## Requirement:
Only an exact reprint of all the data is acceptable.

## Data shown:
= = =
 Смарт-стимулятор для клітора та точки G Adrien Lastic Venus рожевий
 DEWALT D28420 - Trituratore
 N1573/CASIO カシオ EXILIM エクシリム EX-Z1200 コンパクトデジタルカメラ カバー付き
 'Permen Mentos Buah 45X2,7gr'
= = =
## Answer to this exercise:
 Смарт-стимулятор для клітора та точки G Adrien Lastic Venus рожевий
 DEWALT D28420 - Trituratore
 N1573/CASIO カシオ EXILIM エクシリム EX-Z1200 コンパクトデジタルカメラ カバー付き
 'Permen Mentos Buah 45X2,7gr'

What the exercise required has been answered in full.